町の生活臭

一人暮らしを始めてから、ほとんどの生活圏は東京でした。
何故だか判らないのですが、自分は近所付き合いに恵まれていました。
幼少期に暮らしていた地域で、親切な御近所さんに恵まれていたからかも知れません。

大学時代に四年暮らしたワンルームマンションでも、普通ではあり得ないくらいの近所付き合いがあり。
たまたま隣りの部屋の女性が北海道出身で、電話も置けないくらい生活が苦しそうで。夜の仕事の一つ年下な女性、緊急の場面では自分の部屋の電話を借りに来たり。
交際相手の男性はほとんど紐の様な存在で、女性のお兄さんが部屋へ訪ねてくると、ベランダ伝いに自分の部屋に逃げ込んできたり。

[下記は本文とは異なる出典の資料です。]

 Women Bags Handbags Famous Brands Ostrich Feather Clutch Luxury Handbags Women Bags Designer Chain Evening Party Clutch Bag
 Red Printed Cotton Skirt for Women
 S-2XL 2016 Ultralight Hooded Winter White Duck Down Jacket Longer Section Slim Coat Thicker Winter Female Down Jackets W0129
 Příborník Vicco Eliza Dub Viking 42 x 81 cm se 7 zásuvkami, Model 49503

「イーヅカさん助けて!」と。
お兄さんは堅気の仕事で無さそうでしたが、妹さんが心配で時々訪ねてきていました。妹がお世話になっているとビール券まで頂いてしまったり。
年末年始に寂しくしていたところ、賑やかな隣の部屋から誘われたことも。綺麗な女性が集まっていたお酒の場、とても楽しかったです。パジャマ姿の写真も残っていたり。
他の部屋の方とも親しくしてもらえたので、卒業間近の大事件に巻き込まれた場面でも助け合えたりでした。

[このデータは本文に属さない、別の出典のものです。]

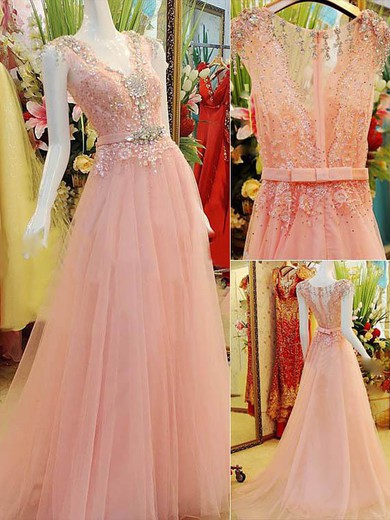 Sweep Train Tulle with Beading Casual Pink V-neck Prom Dress #JCD02019050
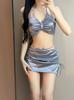 Traje de baño de tres piezas para mujer, bikini sexy adelgazante que cubre el vientre, estilo Pure Wish, color plata, para vacaciones.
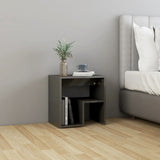 NNEVL Bed Cabinet High Gloss Grey 40x30x40 cm Chipboard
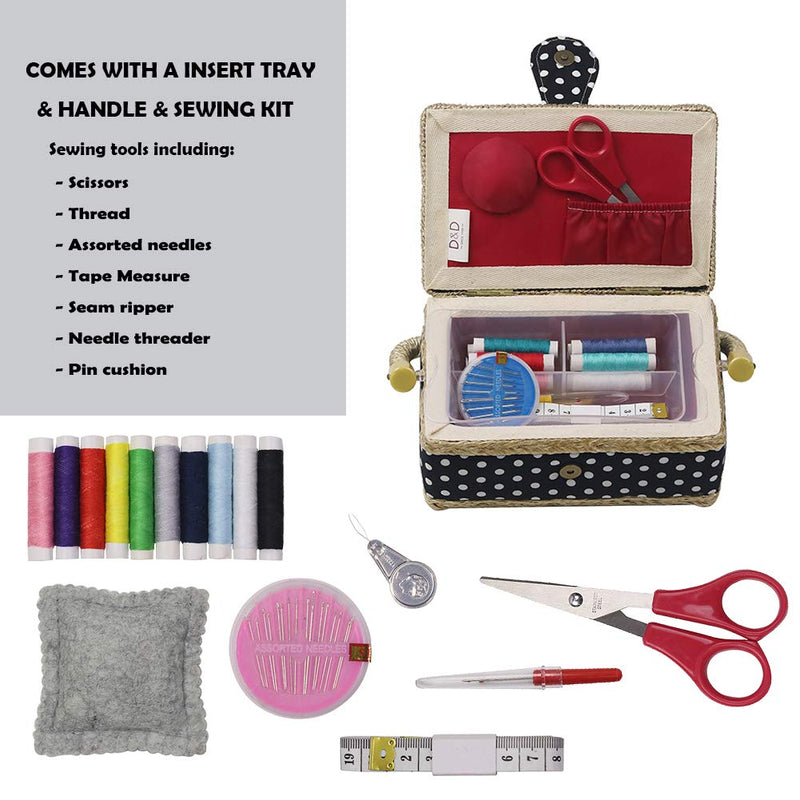 Sewing Basket Kit Sewing Box with Mini Sewing Accessories for Kids, Small (Black Polka Dot) Black Polka Dot - NewNest Australia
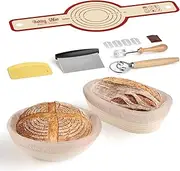 Set of 13 Sourdough Starter Kits, 9.8" Round & 9.5" Banneton Proofing Baskets, with Cloth Liner, Bread Lame, Danish Dough Whisk, Dough Scraper, Bread Sling, Sourdough Bread Baking Supplies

大学の卒業で会社の寮に引越す際も、二部屋隣りの女性の交際相手がエアコンの取り外しを手伝ってくれたり。エアコンを持ち帰る友人は「今時こんな付き合い珍しい」と呟いていたものの、確かにそうかも知れないと。

八年暮らした会社の寮でも、毎晩同僚の部屋で呑むか自分の部屋で一緒に呑むかでした。
まぁこれは当然だと思います。

十二年暮らした都心の下町も、風邪で寝込んでいたら御近所さんが煮込みうどんを届けてくれたり。
そして現在暮らしている柴又では、ベランダのフェンス越しに採れたての野菜をプレゼントしてくれる御近所さんが居たり。

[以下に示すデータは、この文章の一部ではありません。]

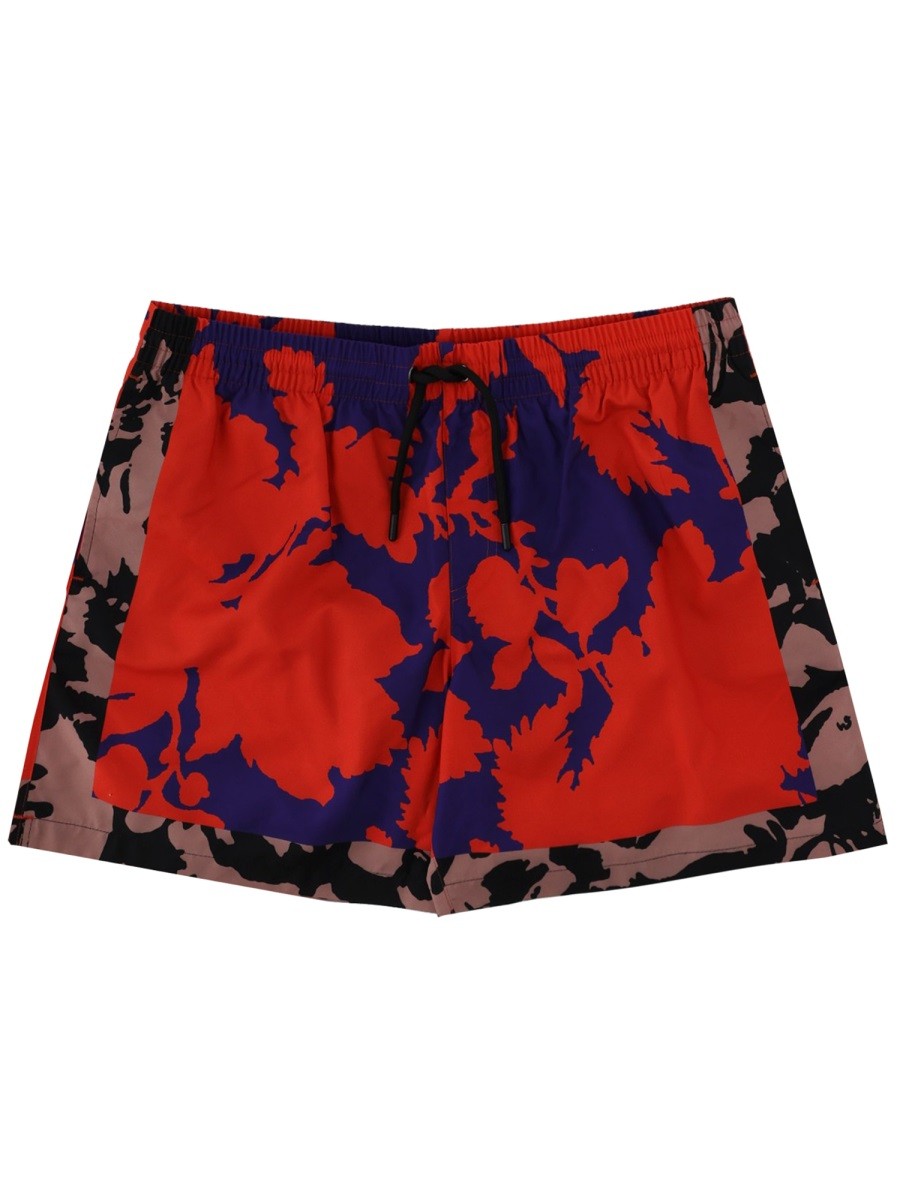 Dries Van Noten Men's Floral Print Swimsuit Red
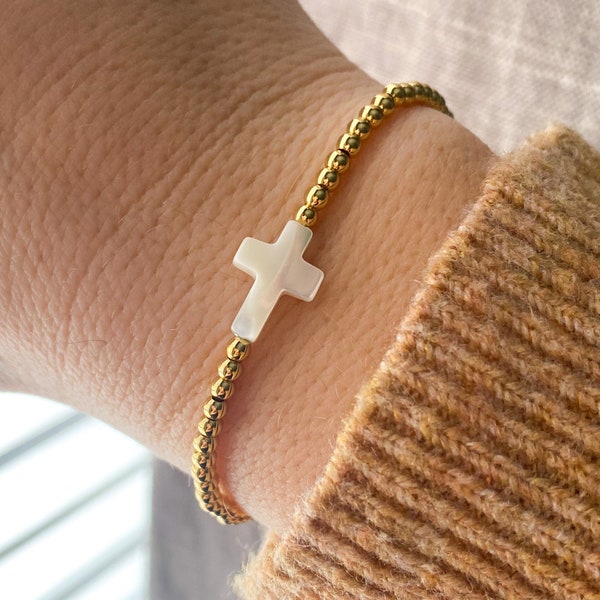 Mini Cross Bracelet / 18k Gold Filled Beads for no tarnish / Natural Shell Cross with 3mm Gold Beads / Gold Cross Bracelet White Cross Faith
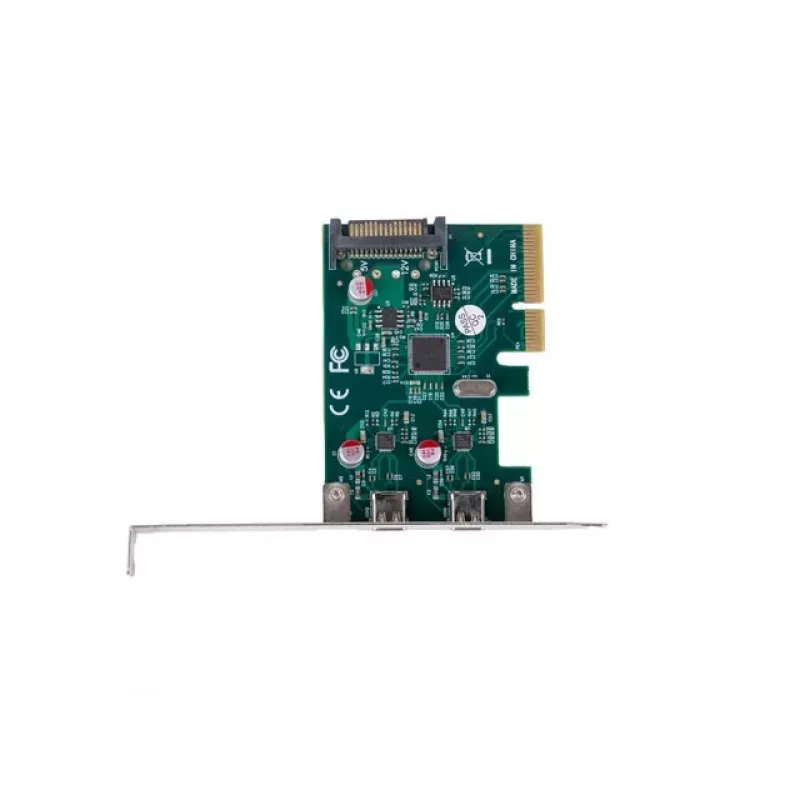 Network card PCI EXPRESS X1 -> 2X USB-C 3.2 GEN 2X1 led low profile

都心の下町も柴又も、無意識に町の生活臭を選んでいたのかなぁと。
自分から何か働きかけたワケではなかったのですが、気付いたらそうなっていた様子です。
マヌケ面だからか、話し掛けやすい雰囲気はあるそうで。

しかし、この文章だけでは善人ぶった奴にしか思えんかと。
実際のところ、大学時代のあの部屋ではスケスケの薄着で隣りの女性がやってくると欲望を押さえ込むのに必至でしたし、「今夜は彼が居ないから遊びに来て」と言われると、理性を保てるか自信無く断ったりでした。
ハタチそこそこの男には刺激的過ぎまして。